Объясните, пожалуйста, что означает по-русски выражение "конституциональное положение (позиция?)" (в переводе с английского "constitutional position")?

Спасибо.

Харе Кришна!

Ваш слуга,
Бхишма дас.

----------


## vijitatma das

Это выражение означает "сущностное" положение (обычно - дживы), т.е. то положение, для которого джива создана (разумеется, "создано" использую условно). Это сама природа живого существа, его вечное, неизменное положение, его постоянный дифференциальный признак, то, без чего живое существо перестает быть таковым. Это положение не связано с меняющимися условиями, такими как тело и ум, а составляет постоянную сущность дживы. Это то же, что для сахара - быть сладким, а для огня - излучать свет и тепло.
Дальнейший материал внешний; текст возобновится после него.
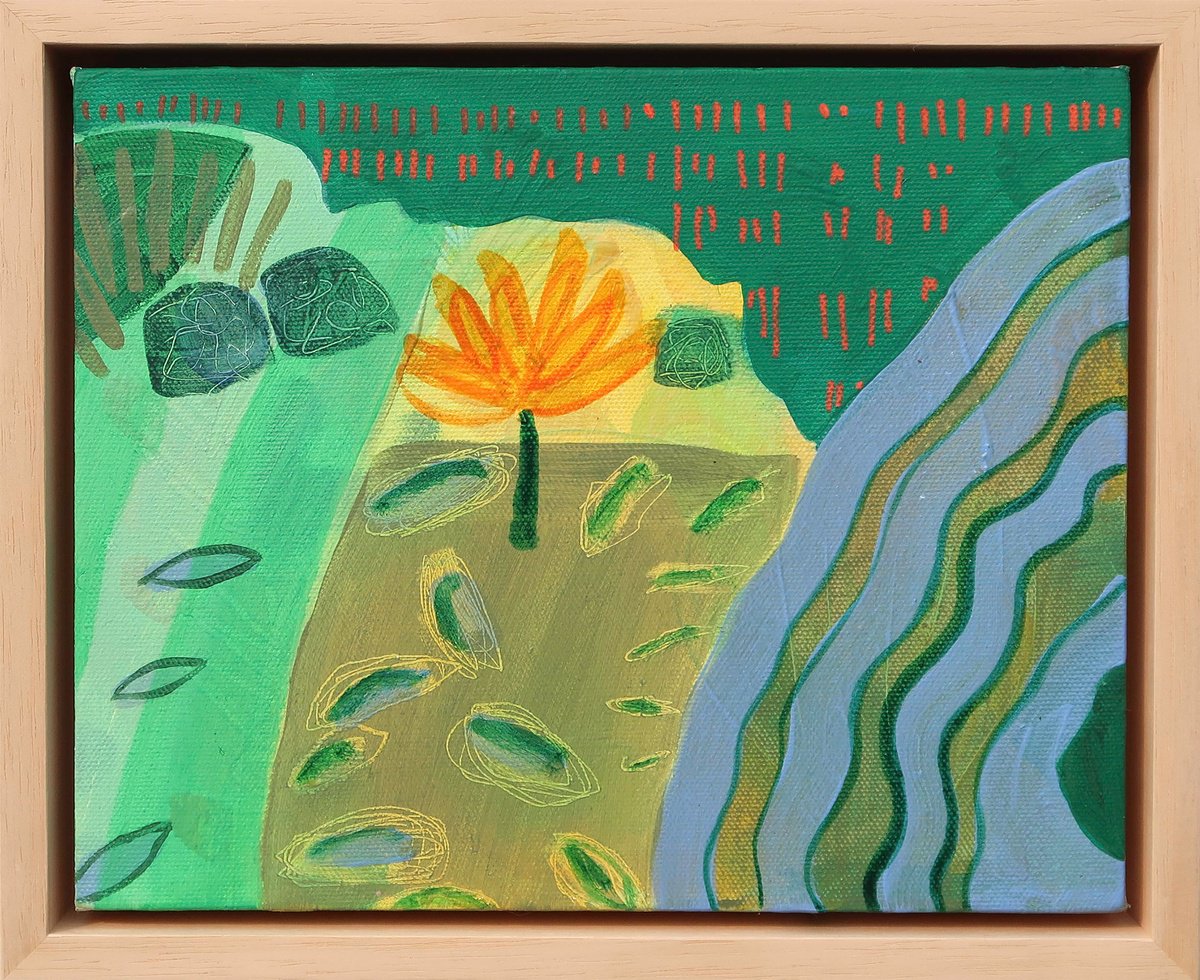 Organic Landscape Acrylic Painting By Suzie Cumming, 11 X 9", Seal Beach, Original Artwork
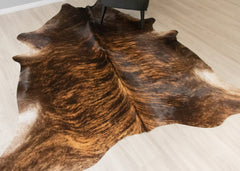Dark Brindle Cowhide Rug (Size: 240 X 220 CM) CHR2499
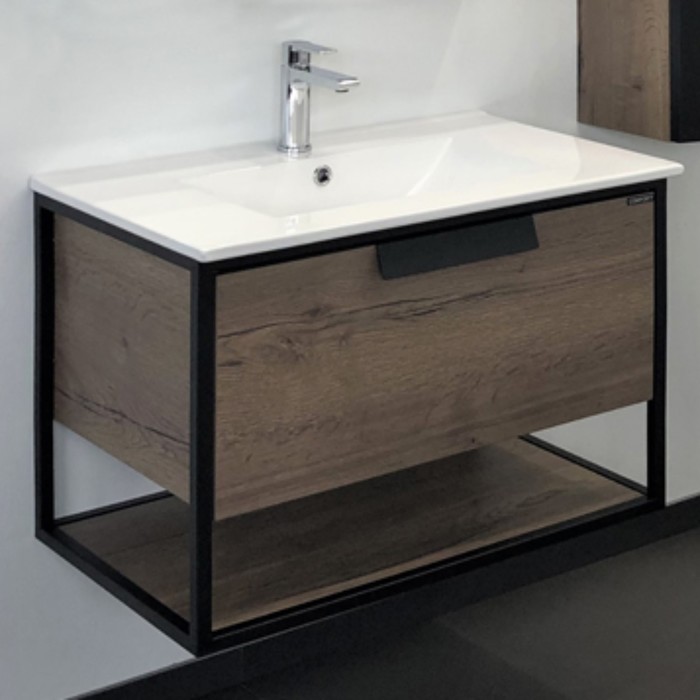 Тумба-умывальник COMFORTY «Бонн-75» цвет дуб темный, с раковиной COMFORTY 75E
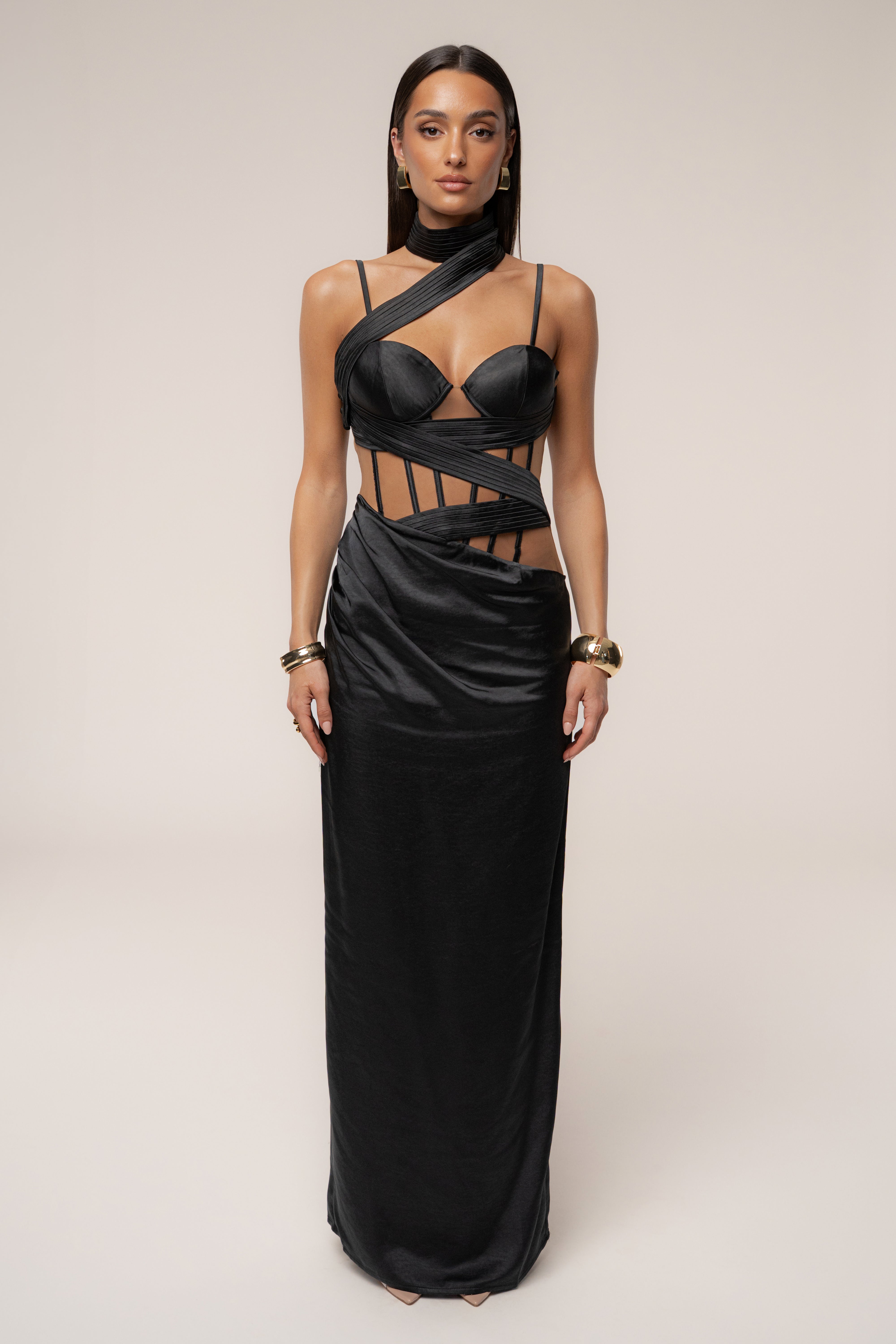 « Heure Dorée » — Robe Longue Corset, Noir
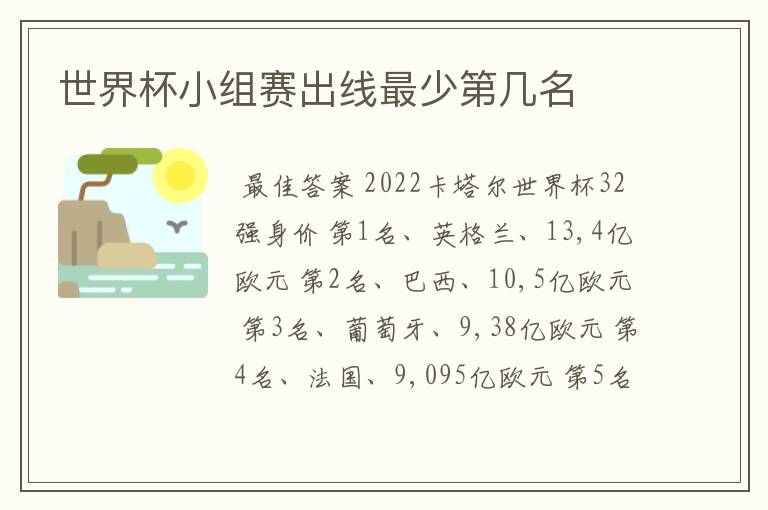 世界杯小组赛出线最少第几名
Иногда при переводе этого выражения используются такие слова как "изначальное (положение)", "вечное (положение)".

----------


## Bhishma das

Переводчики стесняются печатать по-русски?  :smilies: 

Много лет тому назад я начал переводить выражение "constitutional position", как "изначальное положение", хотя в словарях слово "constitutional" переводится по-другому.

Спасибо.

Харе Кришна!

----------


## Bhishma das

Всё никак не могу найти известное выражение Белинского о, так сказать, целесообразности использования слов русского языка вместо заимствованных.

----------


## vijitatma das

> Переводчики стесняются печатать по-русски? 
> Много лет тому назад я начал переводить выражение "constitutional position", как "изначальное положение", хотя в словарях слово "constitutional" переводится по-другому.


"Конституциональное" сейчас, мне кажется, уже мало кто употребляет, т.к. читателю это слово ровным счетом ничего не скажет. Обычно стараются перевести так, чтобы было понятно.

----------


## Bhishma das

В словарный запас многих преданных входит не только это слово "конституциональный", но множество других иноземных!

Как правило, заимствованные слова - многозначны, и поэтому всегда имеется вероятность его неправильного употребления, как, например, в случае со словом "критический":

Один неофит, узнав о существовании книги "Критическое издание Бхагавад-гиты" так оскорбился, что сам начал критиковать _карми_, за то что они критикуют "Бхагавад-гиту"!

----------